04 Agosto 2023
"Agendas antiambientais serão defendidas por senadores de direita eleitos para o triênio 2023-2027. Dos 27 senadores da Amazônia, 22 são de partidos de direita, um de partido centro do espectro político, três de centro-esquerda e um de esquerda. Apenas um é do Partido dos Trabalhadores (considerado de esquerda) e, portanto, com alinhamento direto com o presidente Lula", escrevem Rodrigo Machado Vilani, Lucas Ferrante e Philip M. Fearnside, em artigo publicado por Amazônia Real, 02-08-2023.

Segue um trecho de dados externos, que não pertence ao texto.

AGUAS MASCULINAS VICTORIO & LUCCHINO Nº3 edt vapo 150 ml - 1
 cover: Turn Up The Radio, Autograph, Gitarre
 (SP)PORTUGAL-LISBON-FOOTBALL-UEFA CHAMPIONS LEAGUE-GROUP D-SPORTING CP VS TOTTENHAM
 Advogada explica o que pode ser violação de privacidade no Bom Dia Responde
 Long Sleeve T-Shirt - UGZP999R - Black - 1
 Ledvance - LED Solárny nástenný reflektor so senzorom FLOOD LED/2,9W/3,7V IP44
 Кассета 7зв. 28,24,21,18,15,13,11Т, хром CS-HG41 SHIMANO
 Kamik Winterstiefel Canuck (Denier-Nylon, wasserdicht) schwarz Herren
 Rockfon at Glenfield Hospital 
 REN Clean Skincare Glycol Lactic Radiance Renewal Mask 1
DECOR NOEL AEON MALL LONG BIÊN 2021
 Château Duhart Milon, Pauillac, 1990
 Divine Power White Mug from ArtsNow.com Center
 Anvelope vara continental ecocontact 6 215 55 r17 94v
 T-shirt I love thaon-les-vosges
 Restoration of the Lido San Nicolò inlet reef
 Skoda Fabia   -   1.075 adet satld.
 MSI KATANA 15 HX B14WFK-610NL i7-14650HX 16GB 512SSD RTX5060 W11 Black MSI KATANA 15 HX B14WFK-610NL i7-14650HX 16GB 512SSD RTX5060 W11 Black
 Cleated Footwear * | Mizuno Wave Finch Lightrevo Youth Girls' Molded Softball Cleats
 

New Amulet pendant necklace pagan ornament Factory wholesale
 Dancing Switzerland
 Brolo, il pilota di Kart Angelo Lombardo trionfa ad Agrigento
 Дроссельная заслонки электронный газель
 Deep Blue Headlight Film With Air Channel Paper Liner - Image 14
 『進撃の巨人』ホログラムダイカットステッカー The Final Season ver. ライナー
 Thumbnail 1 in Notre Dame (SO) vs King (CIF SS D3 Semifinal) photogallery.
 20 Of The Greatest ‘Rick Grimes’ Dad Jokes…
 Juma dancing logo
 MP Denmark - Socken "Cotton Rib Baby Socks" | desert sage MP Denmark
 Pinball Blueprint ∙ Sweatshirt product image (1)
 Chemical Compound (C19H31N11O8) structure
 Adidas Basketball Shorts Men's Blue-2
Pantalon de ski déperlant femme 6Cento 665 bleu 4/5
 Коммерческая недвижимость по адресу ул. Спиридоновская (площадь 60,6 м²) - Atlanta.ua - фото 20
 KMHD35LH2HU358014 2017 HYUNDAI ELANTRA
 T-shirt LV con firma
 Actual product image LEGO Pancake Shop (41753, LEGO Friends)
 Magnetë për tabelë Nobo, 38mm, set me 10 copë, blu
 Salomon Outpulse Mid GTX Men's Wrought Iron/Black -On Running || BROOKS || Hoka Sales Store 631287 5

Rodrigo Machado Vilani possui graduação em Ciências Biológicas pela Universidade Federal de Juiz de Fora (2000) e em Direito pela Faculdade Vianna Júnior (2003). Possui mestrado em Direito (2006) e doutorado em Meio Ambiente (2010) pela Universidade do Estado do Rio de Janeiro. Realizou pós-doutorado no Programa de Biodiversidade e Saúde da Fundação Oswaldo Cruz (2014). É professor adjunto da Universidade Federal do Estado do Rio de Janeiro (UNIRIO), onde ingressou em 2014. Suas áreas de interesse são: Direito Ambiental; Política Ambiental; Áreas protegidas; Conflitos Ambientais; Ecoturismo.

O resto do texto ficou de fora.